Eleven point seven per cent growth seems big enough, given low wage growth and inflation of 1.2 per cent. But what about the context?
According to data from the Office of National statistics (ONS) that 11.7 per cent was dwarfed by London’s figure again: the capital saw house price inflation of 19.6 per cent over the same period.
If that sounds like a big jump, consider that house prices in the North East grew by only 3.8 per cent:
A house in London, on average, now costs £514,000 according to the ONS (other sources, such as Rightmove, have it higher).
That means that for the price of one pad in London you could buy 3.8 in Northern Ireland, the ONS ‘region’ with the lowest average price, or 1.9 average UK houses.
With London house prices bigger and growing faster what effect is that having on overall house price inflation? A fairly big one. The UK excluding London grew at 9.1 per cent in the 12 months to August, compared to 11.7 per cent including it.
This isn’t a new trend either. A look at the data shows that London usually grows faster than the rest of the country, as its voracious demand for property asserts upward pressure on the market.
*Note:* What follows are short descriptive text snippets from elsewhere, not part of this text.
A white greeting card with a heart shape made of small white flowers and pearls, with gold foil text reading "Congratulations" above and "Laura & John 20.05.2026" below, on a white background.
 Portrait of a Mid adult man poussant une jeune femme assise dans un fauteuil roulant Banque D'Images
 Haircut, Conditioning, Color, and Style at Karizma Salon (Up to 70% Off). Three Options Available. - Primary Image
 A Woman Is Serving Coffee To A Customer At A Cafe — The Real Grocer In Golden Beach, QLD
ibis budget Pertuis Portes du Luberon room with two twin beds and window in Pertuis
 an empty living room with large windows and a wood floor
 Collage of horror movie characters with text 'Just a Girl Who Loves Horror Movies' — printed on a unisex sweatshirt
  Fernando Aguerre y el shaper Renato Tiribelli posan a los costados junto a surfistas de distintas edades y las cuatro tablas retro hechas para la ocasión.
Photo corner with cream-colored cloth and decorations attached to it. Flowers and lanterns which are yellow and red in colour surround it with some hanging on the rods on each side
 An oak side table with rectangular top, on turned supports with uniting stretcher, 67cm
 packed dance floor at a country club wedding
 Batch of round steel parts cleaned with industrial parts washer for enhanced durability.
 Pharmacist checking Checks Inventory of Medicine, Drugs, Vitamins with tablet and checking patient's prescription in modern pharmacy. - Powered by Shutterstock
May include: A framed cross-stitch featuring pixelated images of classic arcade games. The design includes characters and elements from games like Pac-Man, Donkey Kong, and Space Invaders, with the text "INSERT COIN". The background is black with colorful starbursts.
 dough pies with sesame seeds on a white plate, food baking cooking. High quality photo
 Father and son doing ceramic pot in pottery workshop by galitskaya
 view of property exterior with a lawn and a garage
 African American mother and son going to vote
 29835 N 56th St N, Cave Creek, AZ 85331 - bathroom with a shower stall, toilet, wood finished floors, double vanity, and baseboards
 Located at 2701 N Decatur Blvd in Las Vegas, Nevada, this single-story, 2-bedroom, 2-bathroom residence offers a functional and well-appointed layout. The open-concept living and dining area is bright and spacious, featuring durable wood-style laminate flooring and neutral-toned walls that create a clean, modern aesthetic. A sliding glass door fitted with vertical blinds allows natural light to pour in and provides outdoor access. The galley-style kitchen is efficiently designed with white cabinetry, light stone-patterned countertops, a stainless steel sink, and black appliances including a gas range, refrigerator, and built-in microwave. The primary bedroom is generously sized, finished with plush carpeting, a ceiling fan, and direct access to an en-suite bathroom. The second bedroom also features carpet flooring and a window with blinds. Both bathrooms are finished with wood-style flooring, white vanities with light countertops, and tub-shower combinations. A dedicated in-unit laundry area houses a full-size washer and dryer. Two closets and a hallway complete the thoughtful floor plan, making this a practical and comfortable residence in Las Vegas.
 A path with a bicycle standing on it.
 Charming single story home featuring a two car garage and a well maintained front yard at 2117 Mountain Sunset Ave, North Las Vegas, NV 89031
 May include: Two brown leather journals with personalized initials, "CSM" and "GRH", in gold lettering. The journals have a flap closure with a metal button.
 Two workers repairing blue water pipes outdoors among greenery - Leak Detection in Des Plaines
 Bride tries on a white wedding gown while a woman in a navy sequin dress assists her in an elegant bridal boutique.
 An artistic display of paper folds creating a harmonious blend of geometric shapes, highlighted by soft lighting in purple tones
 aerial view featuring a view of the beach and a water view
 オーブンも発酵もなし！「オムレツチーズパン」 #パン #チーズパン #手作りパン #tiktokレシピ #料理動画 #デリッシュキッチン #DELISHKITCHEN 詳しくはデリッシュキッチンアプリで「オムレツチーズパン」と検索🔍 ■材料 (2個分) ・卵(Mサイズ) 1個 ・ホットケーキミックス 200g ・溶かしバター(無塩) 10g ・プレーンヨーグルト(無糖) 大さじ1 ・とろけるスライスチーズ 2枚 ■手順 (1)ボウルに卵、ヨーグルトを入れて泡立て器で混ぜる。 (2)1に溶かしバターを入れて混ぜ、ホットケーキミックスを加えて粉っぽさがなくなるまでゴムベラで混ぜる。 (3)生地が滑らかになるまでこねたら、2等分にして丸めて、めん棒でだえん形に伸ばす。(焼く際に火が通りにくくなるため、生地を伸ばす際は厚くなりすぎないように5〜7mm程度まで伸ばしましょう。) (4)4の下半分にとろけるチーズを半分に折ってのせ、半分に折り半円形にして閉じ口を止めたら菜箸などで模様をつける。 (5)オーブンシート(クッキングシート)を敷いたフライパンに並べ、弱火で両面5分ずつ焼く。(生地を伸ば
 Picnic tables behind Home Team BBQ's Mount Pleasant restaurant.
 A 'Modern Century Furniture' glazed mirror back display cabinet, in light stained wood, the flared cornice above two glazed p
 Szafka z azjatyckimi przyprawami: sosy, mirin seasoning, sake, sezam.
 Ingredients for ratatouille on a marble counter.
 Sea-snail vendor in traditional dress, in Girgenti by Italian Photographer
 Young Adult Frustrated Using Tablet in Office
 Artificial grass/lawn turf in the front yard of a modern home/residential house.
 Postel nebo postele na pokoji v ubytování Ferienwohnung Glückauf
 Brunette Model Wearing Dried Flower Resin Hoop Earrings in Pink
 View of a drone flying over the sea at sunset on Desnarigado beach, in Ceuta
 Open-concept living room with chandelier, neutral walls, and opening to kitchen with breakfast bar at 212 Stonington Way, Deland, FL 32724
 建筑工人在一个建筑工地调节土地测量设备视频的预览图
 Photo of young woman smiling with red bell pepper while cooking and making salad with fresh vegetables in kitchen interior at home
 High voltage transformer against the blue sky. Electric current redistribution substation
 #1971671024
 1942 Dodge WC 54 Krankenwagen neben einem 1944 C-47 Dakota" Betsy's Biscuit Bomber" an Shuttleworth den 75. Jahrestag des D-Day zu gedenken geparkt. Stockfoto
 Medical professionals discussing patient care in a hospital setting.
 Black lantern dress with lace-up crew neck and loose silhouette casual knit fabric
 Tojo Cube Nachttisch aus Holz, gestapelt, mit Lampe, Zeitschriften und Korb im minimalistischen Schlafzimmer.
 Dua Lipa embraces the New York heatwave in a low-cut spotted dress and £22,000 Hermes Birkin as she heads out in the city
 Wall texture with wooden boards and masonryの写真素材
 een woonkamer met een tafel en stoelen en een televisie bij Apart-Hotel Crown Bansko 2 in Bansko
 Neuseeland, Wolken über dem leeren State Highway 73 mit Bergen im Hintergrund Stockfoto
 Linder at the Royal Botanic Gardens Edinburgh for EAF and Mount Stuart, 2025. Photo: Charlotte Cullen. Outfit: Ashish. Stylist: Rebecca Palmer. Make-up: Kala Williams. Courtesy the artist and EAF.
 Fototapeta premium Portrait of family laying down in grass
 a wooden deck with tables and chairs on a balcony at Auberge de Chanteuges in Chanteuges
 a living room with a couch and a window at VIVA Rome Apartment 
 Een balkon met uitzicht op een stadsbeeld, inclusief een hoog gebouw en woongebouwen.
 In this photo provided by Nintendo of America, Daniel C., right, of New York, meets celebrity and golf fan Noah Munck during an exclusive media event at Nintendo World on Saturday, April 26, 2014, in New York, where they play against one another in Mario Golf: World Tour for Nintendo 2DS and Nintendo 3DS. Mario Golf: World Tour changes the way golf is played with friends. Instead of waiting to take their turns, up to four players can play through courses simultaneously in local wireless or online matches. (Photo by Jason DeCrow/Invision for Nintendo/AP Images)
London’s story in the crisis is different to other regions’. It has recovered faster, regaining its pre-crisis peak long before the rest of the UK, with or without its inclusion in the sums.
The dotted lines represent the pre-crisis peaks for the three series. Note this is indexed data and that the bases (100 points) was set by the ONS in February 2002.
In April 2012, three years and three months after its January 2008 peak, London’s house prices regained their former lustre.
It wasn’t until October 2013 – 18 months later – that the UK followed suit. But, take London out of the equation, and the rest of the UK recovered in May this year – two years later.